Microsoft Orleans in kubernetes StatefulSet POD crashes after several restart - consul

Microsoft Orleans v3.4.3
Consul Clustering
Running in K8S
siloBuilder
.UseConsulClustering(opt =>
{
opt.Address = new Uri(AppConfig.Orleans.ConsulUrl);
opt.AclClientToken = AppConfig.Orleans.AclClientToken;
})
.Configure<ClusterOptions>(options =>
{
options.ClusterId = AppConfig.Orleans.ClusterID;
options.ServiceId = AppConfig.Orleans.ServiceID;
})
.siloBuilder.UseKubernetesHosting();
I configured the labels and environment variables for my POD accordingly to the doc.
- name: ORLEANS_SERVICE_ID #Required by Orleans
valueFrom:
fieldRef:
fieldPath: metadata.labels['orleans/serviceId']
- name: ORLEANS_CLUSTER_ID #Required by Orleans
valueFrom:
fieldRef:
fieldPath: metadata.labels['orleans/clusterId']
- name: POD_NAME
valueFrom:
fieldRef:
fieldPath: metadata.labels['statefulset.kubernetes.io/pod-name']
- name: POD_NAMESPACE
valueFrom:
fieldRef:
fieldPath: metadata.namespace
- name: POD_IP
valueFrom:
fieldRef:
fieldPath: status.podIP
It is a StatefulSet with only 1 POD for testing.
On initial startup, it works well.
However, every time when I restart the POD, a new entry is created in Consul.
And It crashes in subsequent startup.
The log says
System.AggregateException: One or more errors occurred. (Failed to get ping responses from 1 of 1 active silos. Newly joining silos validate connectivity with all active silos that have recently updated their 'I Am Alive' value before joining the cluster. Successfully contacted: []. Failed to get response from: [S10.18.123.218:11111:361110184])
---> Orleans.Runtime.MembershipService.OrleansClusterConnectivityCheckFailedException: Failed to get ping responses from 1 of 1 active silos. Newly joining silos validate connectivity with all active silos that have recently updated their 'I Am Alive' value before joining the cluster.
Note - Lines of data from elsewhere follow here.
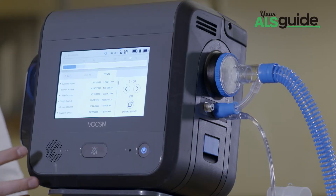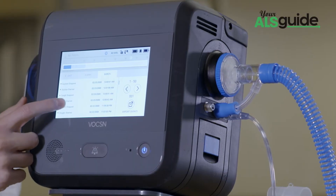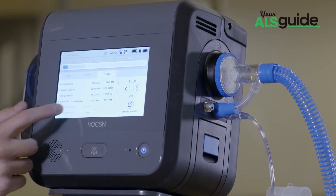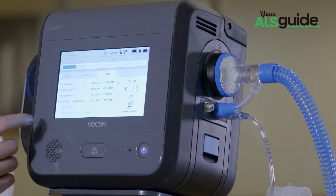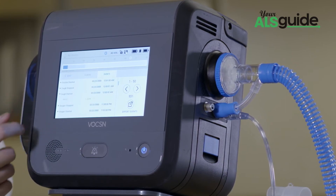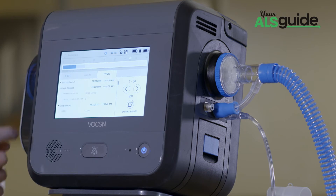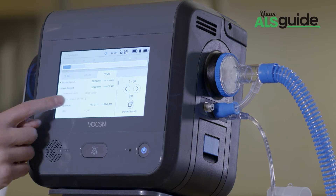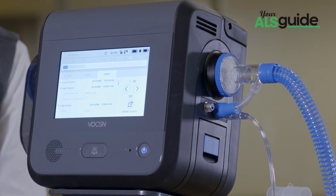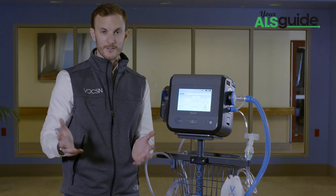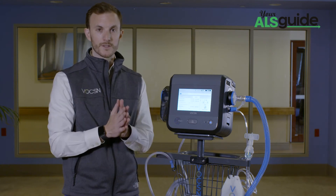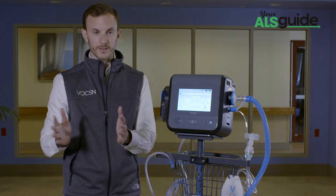I could walk right up to this patient and see that we changed our breath rate from 10 to 12, that we started and stopped oxygen, that we did a cough therapy — a low cough — and we did three cough cycles that lasted a grand total of nine seconds, as opposed to the 15 minutes that one cough therapy might have taken with traditional devices.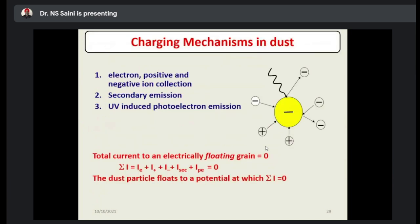This is the charging mechanism in dust — how dust acquires negative or positive charge. The mechanisms include: electron, positive and negative ion collection; secondary emission process leading to charging; and UV-induced photoelectron emission. The total current to an electrically floating grain equals zero — that is, the sum of currents due to electrons, positive ions, negative ions, secondary emission, and photoelectron emission. Dust floats to the potential at which this sum of currents due to different charged particles is zero.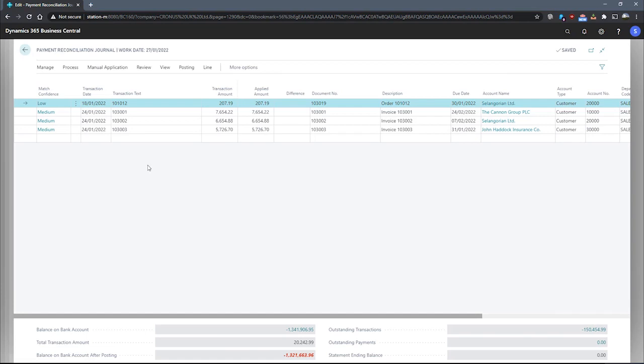Lastly, the function will attempt to match the amount in the transaction amount field, otherwise known as the statement amount field, with the amount on the open entries.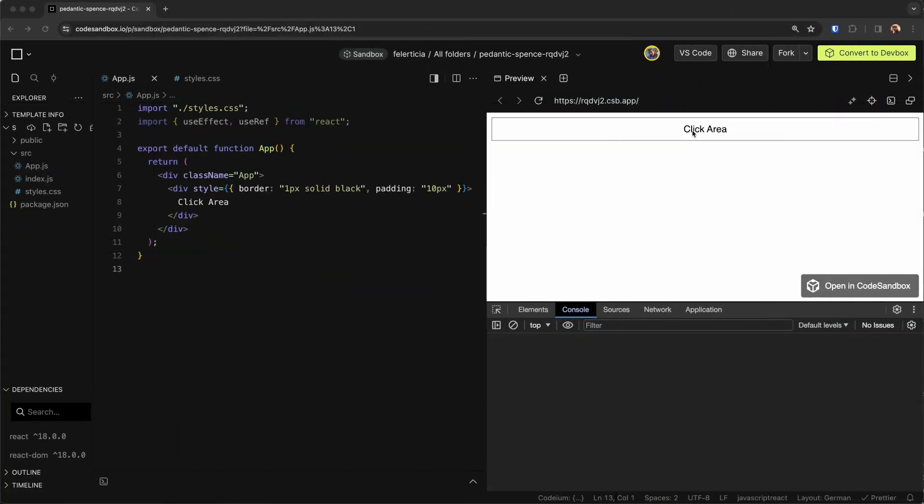Hey there, Amir here with another React challenge that could really give you an edge on your interviews. Today we are going to implement click outside. For example, we have this div here with some content and we want to be able to detect if the user clicks outside, somewhere here. It's a good time now to pause the video and try to resolve it by yourself, but if you want to see how I did it, grab your notepad and get ready to code along.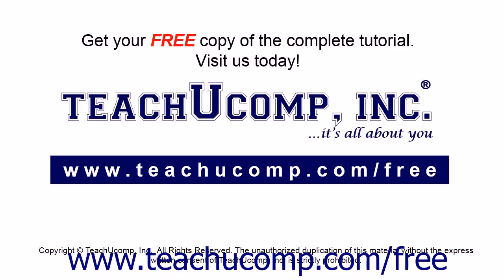Get your free copy of the complete tutorial at www.teachucomp.com/free.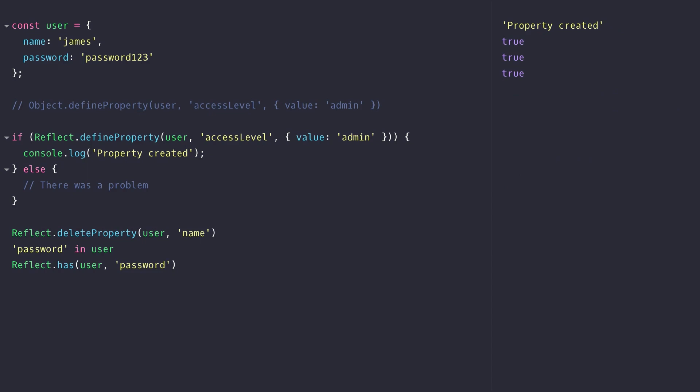So as I mentioned at the start of the video the reflect object is a bit of a strange one as all it's really doing is bringing together a lot of the existing functionality in JavaScript in order to bring the functionality of metaprogramming into one single API.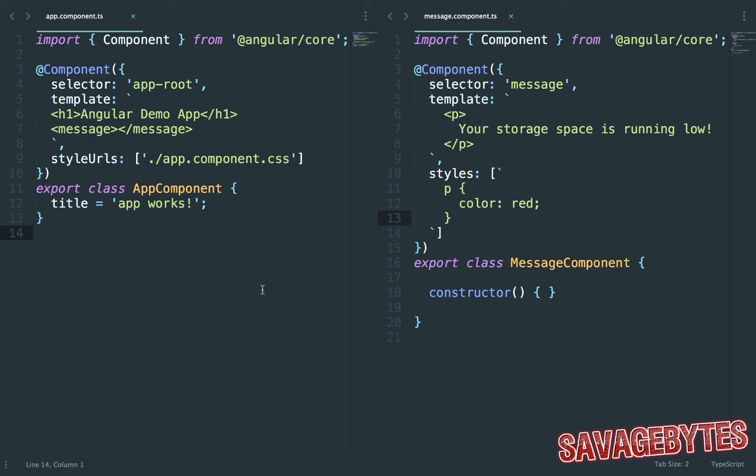Hey everyone, for the first video in this Angular Bytes series I'm going to be taking you through component input.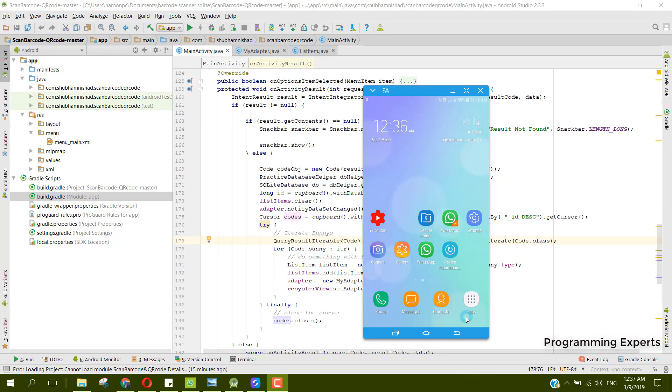Bismillahirrahmanirrahim, welcome to my another video on Android app development. So guys, in this video I am going to give you a short demo of my new app which is a QR code and barcode scanner using Android Studio.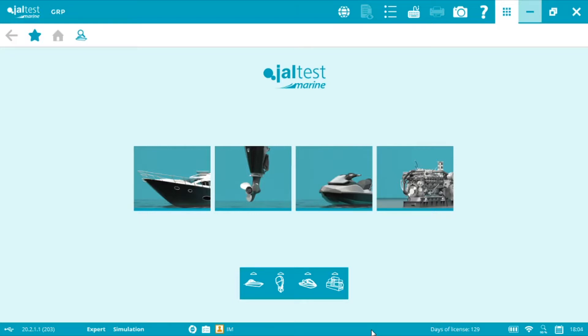Welcome everyone to another Jaltest Marine Vlog. We're going to be showing you how to connect and how to perform diagnostics on a MAN common rail engine.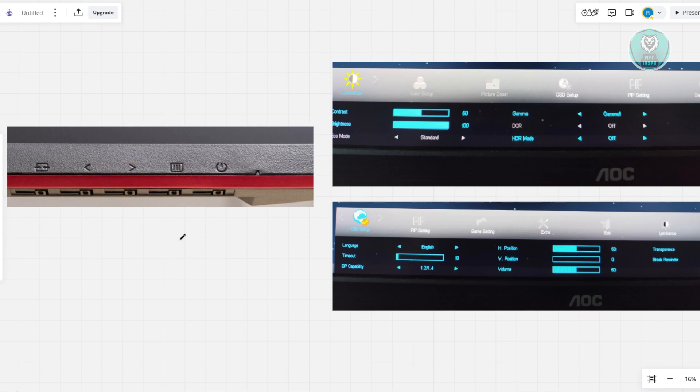So first, you want to open up your settings. Go ahead and click on this button here that you see. It depends on your monitor. It might have a button in here or a button underneath the monitor itself. Just go ahead and click on it.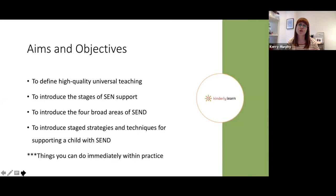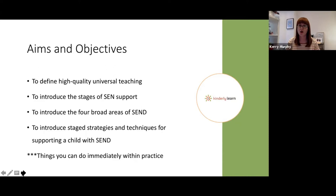I'm going to introduce you to the stages of SEND support. When you are working with children, the expectation is that you build strong foundations for those children, and then if there are emerging needs, a diagnosis, or a concern, you would offer staged support known as targeted and specialist support.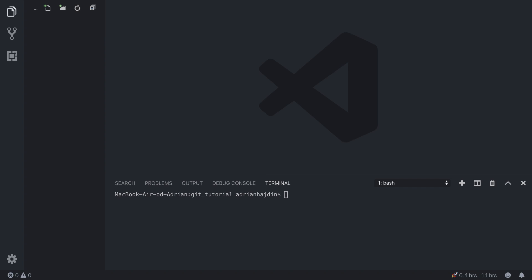Hi and welcome to another JavaScript Mastery video. In this video you will learn what Git is and how to use it to manage your code in a more organized way. We are going to go over the basics of Git and explain the most important commands along the way.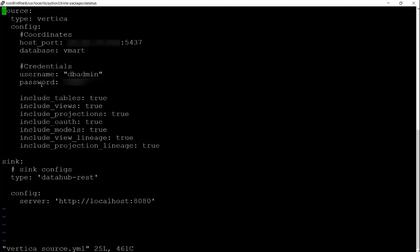Options include tables, views, projections, auth, models, view lineage, and projection lineage. By default, all these values are set to true. If you don't want to see any of this metadata, you can set it to false. Once you are set with the YAML file,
Successfully contacted: []. Failed to get response from: [S10.18.123.218:11111:361110184]
at Orleans.Runtime.MembershipService.MembershipAgent.ValidateInitialConnectivity()
at Orleans.Runtime.MembershipService.MembershipAgent.BecomeActive()
at Orleans.Runtime.MembershipService.MembershipAgent.<>c__DisplayClass26_0.<<Orleans-ILifecycleParticipant<Orleans-Runtime-ISiloLifecycle>-Participate>g__OnBecomeActiveStart|6>d.MoveNext()
--- End of stack trace from previous location where exception was thrown ---
at Orleans.Runtime.SiloLifecycleSubject.MonitoredObserver.OnStart(CancellationToken ct)
at Orleans.LifecycleSubject.OnStart(CancellationToken ct)
at Orleans.Runtime.Scheduler.AsyncClosureWorkItem.Execute()
at Orleans.Runtime.Silo.StartAsync(CancellationToken cancellationToken)
at Orleans.Hosting.SiloHost.StartAsync(CancellationToken cancellationToken)
at Orleans.Hosting.SiloHostedService.StartAsync(CancellationToken cancellationToken)
at Microsoft.Extensions.Hosting.Internal.Host.StartAsync(CancellationToken cancellationToken)
at Microsoft.Extensions.Hosting.HostingAbstractionsHostExtensions.RunAsync(IHost host, CancellationToken token)
at Microsoft.Extensions.Hosting.HostingAbstractionsHostExtensions.RunAsync(IHost host, CancellationToken token)
at UBS.OrleansServer.EntryPoint.Start() in /app/UBS/OrleansServer/EntryPoint.cs:line 102
--- End of inner exception stack trace ---
I have to remove all the entries in Consul then restart the POD, then everything works fine.
The POD_NAME is the same for StatefulSet's POD, is it correct that each POD restart creates a new entry in Consul?
What could be the cause?
Thanks in advance
UPDATE
After several rounds crashes and restart, finally it does not crash any more. And in log I see the following message
ProcessTableUpdate (called from DeclareDead) membership table: 5 silos, 1 are Active, 4 are Dead, Version=<31, 28123>. All silos: [SiloAddress=S10.18.123.244:11111:361163684 SiloName=ubs-job-dev-0 Status=Active, SiloAddress=S10.18.123.200:11111:361158057 SiloName=ubs-job-dev-0 Status=Dead, SiloAddress=S10.18.123.210:11111:361161905 SiloName=ubs-job-dev-0 Status=Dead, SiloAddress=S10.18.123.217:11111:361157424 SiloName=ubs-job-dev-0 Status=Dead, SiloAddress=S10.18.123.244:11111:361163558 SiloName=ubs-job-dev-0 Status=Dead]
The SiloName never changes and there is only one POD in StatefulSet, but it sees 5 silos, 4 of them are dead. It seems each new POD, even if pod name does not change, is seen as a new silo. Is that expected?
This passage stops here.